The right-hander indeed missed the first three games of Western Australia's 2020-21 Marsh Sheffield Shield campaign and played only four of their eight matches for the season.

But, until this year just gone, it was his highest averaging season since the one in which he made his international debut against Pakistan in the Sydney New Year's Test in 2017.

He said his first goal coming into this summer was to get picked for the opening Shield match of the year, which he was, making 69 and 121 not out in a draw with South Australia.

Having just helped WA end a 23-year Sheffield Shield title drought, where he finished as the competition's third highest run scorer for the season, he topped of the summer by being crowed Western Australia's Laurie Sawle medallist as the state's best men's player of the year.

Cartwright punishes Vics with seventh first-class ton

And he credits a mindset similar to reborn Test star Usman Khawaja as being crucial to helping him resurrect his own stuttering career.

"I've taken a big leaf out of Usman Khawaja's book the way he's been going about it the last 12 to 24 months," Cartwright said.

"Whatever is in his control he accepts that and whatever is out of his control, he also accepts that.

"Since I've been dropped from the Australian team and being dropped from the state team, I've had my goals to try and achieve.

"I didn't think it would take as long as it has when I initially got dropped from the Australian team but it's all part of the journey."

He also credited his wife Tameka for the pivotal role she had played in creating a really positive support network.

Drought broken! WA lift Shield title after 23-year wait

"She always has the answers, even when I've got no idea what they are," Cartwright said.

"I don't know how she does it, she's just got an amazing way of being able to listen really well and coming up with an answer that I didn't even think of but half the time it's right in front of my face.

"I've got a couple of really good mates in cricket (as well) so that makes it really beneficial that I can talk to them in detail around cricket and what I'm going through, and they've got a good understanding."

Cartwright said Khawaja was also his inspiration for an international comeback as well.

"Our head coach Adam Voges did something very similar, he debuted at the age of 33," he said.

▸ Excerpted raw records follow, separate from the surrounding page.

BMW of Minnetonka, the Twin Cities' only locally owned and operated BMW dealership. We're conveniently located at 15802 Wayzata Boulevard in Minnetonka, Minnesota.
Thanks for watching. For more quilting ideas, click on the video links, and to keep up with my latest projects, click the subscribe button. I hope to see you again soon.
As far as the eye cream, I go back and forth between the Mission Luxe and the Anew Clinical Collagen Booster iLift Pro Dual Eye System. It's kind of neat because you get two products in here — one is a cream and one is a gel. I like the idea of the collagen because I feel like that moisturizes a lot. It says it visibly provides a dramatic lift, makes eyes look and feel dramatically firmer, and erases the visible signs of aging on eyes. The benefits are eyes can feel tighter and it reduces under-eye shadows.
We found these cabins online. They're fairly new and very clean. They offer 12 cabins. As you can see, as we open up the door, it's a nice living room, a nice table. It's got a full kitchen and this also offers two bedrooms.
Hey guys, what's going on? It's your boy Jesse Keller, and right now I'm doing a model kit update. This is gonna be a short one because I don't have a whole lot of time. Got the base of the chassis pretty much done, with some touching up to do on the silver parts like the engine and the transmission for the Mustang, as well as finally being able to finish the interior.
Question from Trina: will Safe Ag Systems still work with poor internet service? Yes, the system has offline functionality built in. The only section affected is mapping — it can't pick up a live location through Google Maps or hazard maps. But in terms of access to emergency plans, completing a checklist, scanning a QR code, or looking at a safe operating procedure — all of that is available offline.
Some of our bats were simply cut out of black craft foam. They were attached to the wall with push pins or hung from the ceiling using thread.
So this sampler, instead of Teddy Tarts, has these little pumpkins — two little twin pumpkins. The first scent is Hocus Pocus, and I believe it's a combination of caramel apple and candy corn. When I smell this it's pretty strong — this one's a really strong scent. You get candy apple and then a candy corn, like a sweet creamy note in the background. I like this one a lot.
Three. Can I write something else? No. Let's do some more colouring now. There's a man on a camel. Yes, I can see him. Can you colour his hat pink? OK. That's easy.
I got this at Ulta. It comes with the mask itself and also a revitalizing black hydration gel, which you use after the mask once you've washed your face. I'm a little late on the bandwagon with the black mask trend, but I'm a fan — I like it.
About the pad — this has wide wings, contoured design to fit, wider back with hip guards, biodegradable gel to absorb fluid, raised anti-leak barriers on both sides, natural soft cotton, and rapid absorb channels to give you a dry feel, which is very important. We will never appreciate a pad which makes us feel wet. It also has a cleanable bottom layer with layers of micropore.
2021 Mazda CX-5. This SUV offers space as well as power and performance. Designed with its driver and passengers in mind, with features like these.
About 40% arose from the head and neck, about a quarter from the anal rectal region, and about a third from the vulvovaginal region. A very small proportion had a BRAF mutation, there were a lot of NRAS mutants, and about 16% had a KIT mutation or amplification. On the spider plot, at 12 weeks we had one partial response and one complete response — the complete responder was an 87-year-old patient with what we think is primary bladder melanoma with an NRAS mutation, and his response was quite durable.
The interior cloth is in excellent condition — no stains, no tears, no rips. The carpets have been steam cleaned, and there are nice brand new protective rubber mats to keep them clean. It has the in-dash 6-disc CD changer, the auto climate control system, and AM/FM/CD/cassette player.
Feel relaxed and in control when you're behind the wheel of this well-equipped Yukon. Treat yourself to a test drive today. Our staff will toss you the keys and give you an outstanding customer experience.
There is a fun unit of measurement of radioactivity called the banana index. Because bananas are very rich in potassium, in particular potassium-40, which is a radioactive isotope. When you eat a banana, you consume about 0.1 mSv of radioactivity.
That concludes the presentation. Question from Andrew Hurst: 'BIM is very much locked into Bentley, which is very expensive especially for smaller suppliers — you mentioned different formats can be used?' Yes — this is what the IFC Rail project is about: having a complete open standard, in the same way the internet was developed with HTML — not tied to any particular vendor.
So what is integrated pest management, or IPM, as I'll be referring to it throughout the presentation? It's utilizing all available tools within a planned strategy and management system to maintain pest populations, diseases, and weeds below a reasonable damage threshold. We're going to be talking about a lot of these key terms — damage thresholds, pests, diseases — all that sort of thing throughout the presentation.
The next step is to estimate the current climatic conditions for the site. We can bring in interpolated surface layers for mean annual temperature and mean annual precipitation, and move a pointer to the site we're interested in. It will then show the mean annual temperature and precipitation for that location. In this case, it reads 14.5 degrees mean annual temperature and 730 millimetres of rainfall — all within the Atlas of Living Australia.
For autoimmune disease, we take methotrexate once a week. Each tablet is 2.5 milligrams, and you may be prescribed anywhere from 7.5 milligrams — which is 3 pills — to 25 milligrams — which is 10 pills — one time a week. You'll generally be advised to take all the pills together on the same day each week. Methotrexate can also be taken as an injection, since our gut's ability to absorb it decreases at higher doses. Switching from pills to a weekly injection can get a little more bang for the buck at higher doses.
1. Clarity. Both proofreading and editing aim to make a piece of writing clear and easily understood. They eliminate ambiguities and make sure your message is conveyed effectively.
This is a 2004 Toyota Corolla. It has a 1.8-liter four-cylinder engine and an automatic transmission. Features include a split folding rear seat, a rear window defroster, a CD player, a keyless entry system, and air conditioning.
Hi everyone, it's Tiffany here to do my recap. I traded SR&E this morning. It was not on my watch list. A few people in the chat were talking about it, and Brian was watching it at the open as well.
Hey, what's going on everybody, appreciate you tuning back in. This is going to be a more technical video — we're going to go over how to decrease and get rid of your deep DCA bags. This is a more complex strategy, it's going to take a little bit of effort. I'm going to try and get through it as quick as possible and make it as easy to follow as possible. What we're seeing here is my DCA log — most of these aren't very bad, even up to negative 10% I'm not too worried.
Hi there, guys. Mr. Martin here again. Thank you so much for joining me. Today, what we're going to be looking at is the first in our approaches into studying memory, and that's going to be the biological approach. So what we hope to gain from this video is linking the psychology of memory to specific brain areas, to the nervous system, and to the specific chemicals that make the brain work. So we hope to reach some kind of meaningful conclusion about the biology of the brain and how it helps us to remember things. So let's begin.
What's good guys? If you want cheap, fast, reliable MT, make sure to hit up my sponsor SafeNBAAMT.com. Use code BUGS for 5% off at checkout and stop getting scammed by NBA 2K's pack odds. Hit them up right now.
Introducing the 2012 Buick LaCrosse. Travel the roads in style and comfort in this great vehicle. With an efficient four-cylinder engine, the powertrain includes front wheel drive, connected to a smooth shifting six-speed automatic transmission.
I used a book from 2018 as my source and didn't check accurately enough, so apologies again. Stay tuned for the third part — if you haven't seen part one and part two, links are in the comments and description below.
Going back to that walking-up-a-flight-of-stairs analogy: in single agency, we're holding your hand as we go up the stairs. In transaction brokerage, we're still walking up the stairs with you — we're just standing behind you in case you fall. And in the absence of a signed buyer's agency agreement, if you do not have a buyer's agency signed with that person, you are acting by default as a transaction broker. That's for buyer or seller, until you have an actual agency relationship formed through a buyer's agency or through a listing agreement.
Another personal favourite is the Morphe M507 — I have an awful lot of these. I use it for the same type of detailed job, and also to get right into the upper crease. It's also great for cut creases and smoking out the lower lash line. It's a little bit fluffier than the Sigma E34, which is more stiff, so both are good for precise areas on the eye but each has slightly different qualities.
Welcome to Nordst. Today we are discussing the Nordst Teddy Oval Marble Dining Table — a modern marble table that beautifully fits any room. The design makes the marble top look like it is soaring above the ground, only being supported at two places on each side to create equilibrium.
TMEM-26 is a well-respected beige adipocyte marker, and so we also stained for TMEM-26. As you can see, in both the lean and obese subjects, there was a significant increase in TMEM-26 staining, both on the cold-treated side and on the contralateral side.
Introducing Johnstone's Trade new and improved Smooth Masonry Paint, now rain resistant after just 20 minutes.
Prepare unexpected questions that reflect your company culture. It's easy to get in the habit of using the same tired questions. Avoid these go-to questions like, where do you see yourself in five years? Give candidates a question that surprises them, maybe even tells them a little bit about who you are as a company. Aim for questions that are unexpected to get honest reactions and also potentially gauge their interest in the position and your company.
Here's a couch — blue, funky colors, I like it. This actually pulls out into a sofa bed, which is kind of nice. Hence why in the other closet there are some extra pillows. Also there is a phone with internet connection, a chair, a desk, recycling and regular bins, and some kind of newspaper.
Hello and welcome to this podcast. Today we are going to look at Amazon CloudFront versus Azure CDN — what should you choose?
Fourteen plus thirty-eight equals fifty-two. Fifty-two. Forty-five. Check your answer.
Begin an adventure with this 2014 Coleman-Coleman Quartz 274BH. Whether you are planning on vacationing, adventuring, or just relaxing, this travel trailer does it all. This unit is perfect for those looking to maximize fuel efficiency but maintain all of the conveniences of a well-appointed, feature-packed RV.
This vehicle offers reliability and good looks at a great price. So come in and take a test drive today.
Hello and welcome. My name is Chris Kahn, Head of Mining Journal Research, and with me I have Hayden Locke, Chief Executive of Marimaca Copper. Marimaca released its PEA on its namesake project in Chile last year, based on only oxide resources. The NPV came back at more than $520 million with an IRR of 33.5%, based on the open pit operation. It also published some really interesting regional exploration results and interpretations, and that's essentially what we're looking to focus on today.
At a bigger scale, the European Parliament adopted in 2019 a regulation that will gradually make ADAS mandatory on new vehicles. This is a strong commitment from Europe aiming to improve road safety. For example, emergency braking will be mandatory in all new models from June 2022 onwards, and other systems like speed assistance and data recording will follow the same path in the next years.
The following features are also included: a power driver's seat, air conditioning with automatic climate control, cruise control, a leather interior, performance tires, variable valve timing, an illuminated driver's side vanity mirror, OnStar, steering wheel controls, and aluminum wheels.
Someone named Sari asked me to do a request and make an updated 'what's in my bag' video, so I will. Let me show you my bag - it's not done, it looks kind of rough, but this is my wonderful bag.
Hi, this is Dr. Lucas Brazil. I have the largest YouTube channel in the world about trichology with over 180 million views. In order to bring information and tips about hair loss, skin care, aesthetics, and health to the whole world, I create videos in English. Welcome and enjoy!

"You can go through a long list of Australians, Chris Rogers as well is another one that did it, so I think for people who do get dropped from Australian sides always know that there's the possibility of making a comeback and Usman is just the freshest one on that list.

"It's (an Australian recall) definitely on my goal list, I've got a whole pile of them. But there's so much competition in Australian cricket at the moment.

"You don't have to look too far in the Ashes series and a new hero was born in Travis Head and he's such a good player.

"He's dominated the domestic circuit for the last three, four years so for me to get into that realm of things I need to start doing it for three to four years to put my name up in headlights like those guys have.

"My physical and my mental game is definitely a lot stronger now than what it was four or five years ago."

Cartwright has also just scored his first international franchise T20 contract after being picked up for the Oval Invincibles in Tuesday's Hundred draft.

"(You) don’t have to go far to see when things start to line up, you start to get other opportunities so I'm really grateful for that," he said.